Avant! reports dismal third quarter results.

Yesterday, Avant! (OTC Symbol: AVNT) (Price: $26.75) announced what it called “extremely gratifying” third quarter results. The results barely exceeded analyst’s unrevised low expectations before a $41.2 million write-off. Analysts have failed to increase their Avant! revenue and earnings projections despite this year’s over 100% growth reported by Avant!’s competitors. This far better than expected growth was not reflected in Avant!’s average $0.29 per share third quarter projections. Avant! reported a $0.66 per share loss for the quarter. Before write-offs Avant! earned $0.33 per share.

Analysts’ published EPS projections were far below those indicated by the growth of its market and the growth recorded by its competitors. The market for Avant!’s most important products continues to grow at over a 100% rate. If in fact Avant!’s results were not affected by customer reluctance and employee dissatisfaction related to its civil and criminal liabilities, we estimate that Avant! would have earned over $0.50 per share in this quarter. Yet Avant! was unable to significantly exceed analyst’s unadjusted $0.29 per share earnings estimate.

Certain Avant! shareholders had whispered that Avant! would easily earn over $0.40 per share. Avant!’s promoters claim that the Company possesses an earnings reserve and that its reported earnings are understated. No such earnings reserve exists. Avant! has no “backlog” of shipped and fully accepted yet unbilled product. Avant!’s revenue recognition must conform to generally accepted accounting principals. These principals do not allow for Avant! to hide sales. Such a contention is absurd.

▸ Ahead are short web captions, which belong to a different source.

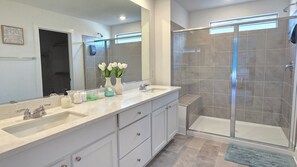 Master Bathroom (Floor #3)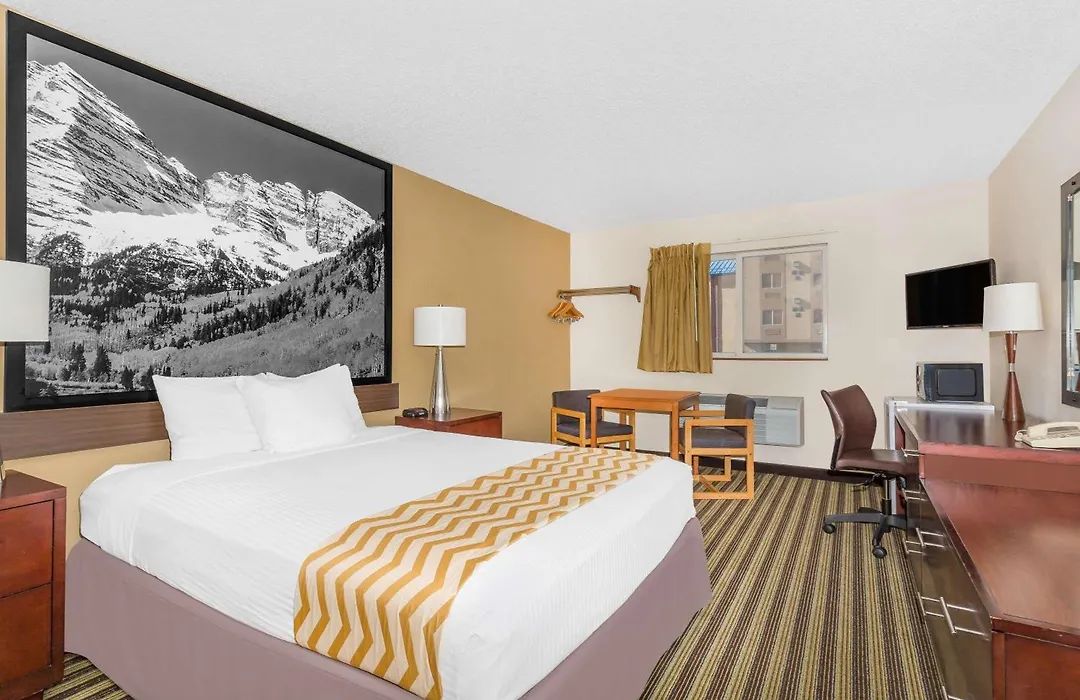 Travelodge By Wyndham Loveland/Fort Collins Area-1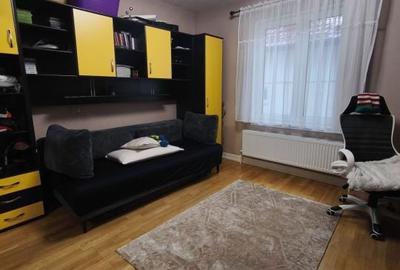 Casă cu 4 camere cu Teren 3000 Mp în Central - 9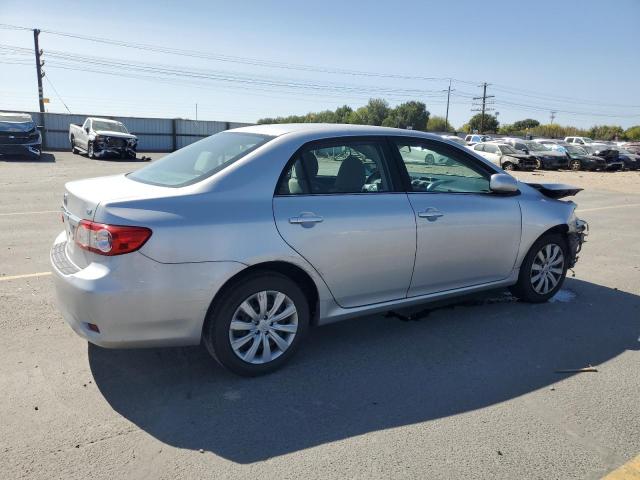 5YFBU4EE1DP220106 - 2013 TOYOTA COROLLA BASE Silber Foto 3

On September 23, 1997 the U.S. Court of Appeals for the Ninth District reversed U.S. District Judge Whyte’s order denying an injunction that would prevent Avant! from selling its place and route product. There is no possible interpretation of this ruling that is not highly damaging to Avant! Announcements concerning the ruling caused Avant!’s stock to trade as low as $18 per share, down $15 from the close, in after market trading. On September 24, 1997 Avant! traded over 4 million shares and recovered most of its losses. Including purchases made on September 24th Avant!’s top five (5) institutional owners now control over 51% of its outstanding shares. These few investors maintain and continue to increase their holdings despite clear evidence that Avant!’s performance is deteriorating rapidly and that its stock price does not reflect the risk inherent in its ownership.

Earlier this year Avant!’s stock fell from $40 1/2 to below $9 3/4 on negative legal developments. This occurred before its weak performance became evident. The current pending criminal and civil events are potentially far more damaging than those that caused this 75% drop. Furthermore, the probability of a negative outcome within this quarter is now far greater. We believe that investors should use the opportunity created by the small, highly concentrated group of institutional buyers to exit Avant!’s stock at its current grossly inflated levels. Neither Avant!’s third quarter performance nor next year’s projections remotely compensate investors for assuming the risk of owning Avant! stock.